Schroeder already had served 20 years in the House by that point and welcomed the reinforcements. Women had entered virtually all the major professions in great numbers, but still lagged way behind in the House and Senate. Schroeder was seen as an activist. When she first entered Congress and was in her early 30s with two young children, male lawmakers wondered what she could possibly be doing in their world. “I have a brain and a uterus, and they both work,” she quipped.

Schroeder retired in 1996, having made a national reputation with her quick wit and sharp retorts. She now heads the Association of American Publishers, and is a popular speaker on college campuses.
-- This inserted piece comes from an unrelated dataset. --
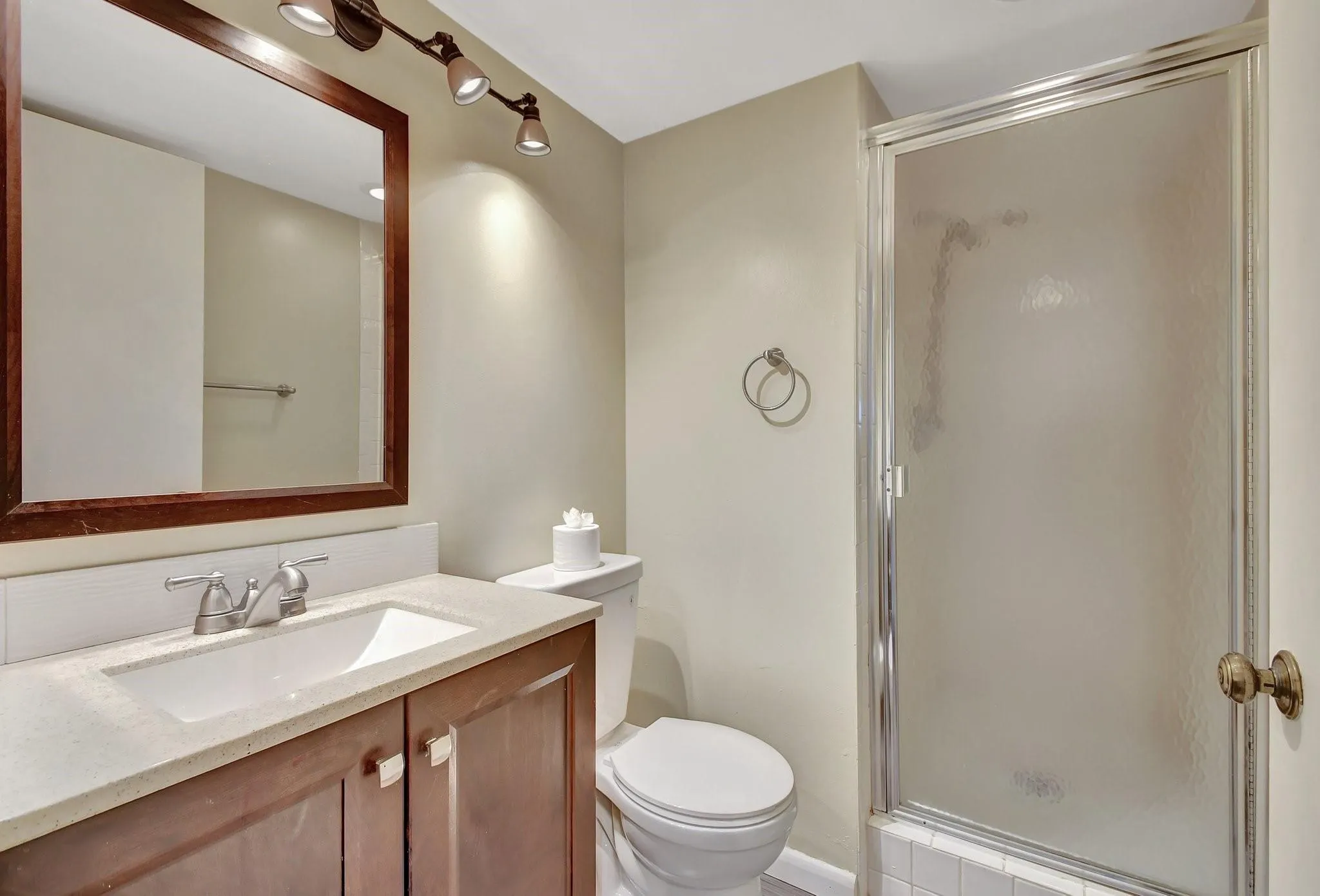 9300 SW 8th Street, #303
March is Women’s History Month, a time to take stock, and Schroeder is not optimistic about the prospects for a woman president. Asked at a symposium at the University of Missouri, Kansas City, when the ultimate glass ceiling might be shattered, Schroeder said 2020 “at the earliest,” which would be 100 years after women got the right to vote. There were groans from the largely female audience.

But there could be an exception, Schroeder went on. What if President Bush puts Condoleezza Rice on the ticket in 2004? The groans changed to oohs and ahs. Some of the reaction was positive; some negative. Marie Wilson, who heads The White House Project, an effort to project women as leaders with an eye to electing a woman president, noted that Rice, while competent and authoritative, was not “warm as toast,” which voters demand from women politicians.

Until now, all the speculation about putting an African-American on the Republican ticket has centered around Colin Powell, America’s Prince Charming, no matter which party you’re in. I had heard Rice talked about as a possible gubernatorial candidate in California, or as a future NFL commissioner. She’s a sports nut, one of the reasons she gets along so well with Bush. But no one had ever mentioned her as part of the vice-presidential sweepstakes. On some levels, it would be an inspired choice. Nobody could question her credentials. And if the war against terrorism continues to go reasonably well, she could claim her share of credit.

Rice has been criticized in some quarters for having too narrow a focus. She was a Russia scholar before joining the administration. But as a vice-presidential candidate, she would only have to get through a single debate, and that shouldn’t be a problem for somebody who’s a quick study. Unlike Colin Powell, whose moderate impulses regularly invite clashes with the GOP’s right wing, Rice seems genuinely conservative. It’s hard to imagine her going on MTV and extolling condoms, for example, as Powell recently did.

The Bushes love Rice. When they head to Camp David for the weekend, she usually goes with them. She has no private life as far as anybody can tell and appears fully dedicated to her job. A Bush-Rice ticket would be a nightmare for Democrats because it would cut into two of their most loyal constituencies, women and African-Americans.

Of course, there is the small matter of Dick Cheney. When asked about his future some months ago, Cheney sounded like he meant it when he said he had no plans to leave the ticket. He added, of course, that he serves at the president’s pleasure. And it’s hard to imagine that Bush won’t use the vice-presidential slot as a way to set up the party’s presidential candidate for 2008. No matter how good Cheney’s ticker is, he is not in a position from a health standpoint to be a future GOP standard bearer.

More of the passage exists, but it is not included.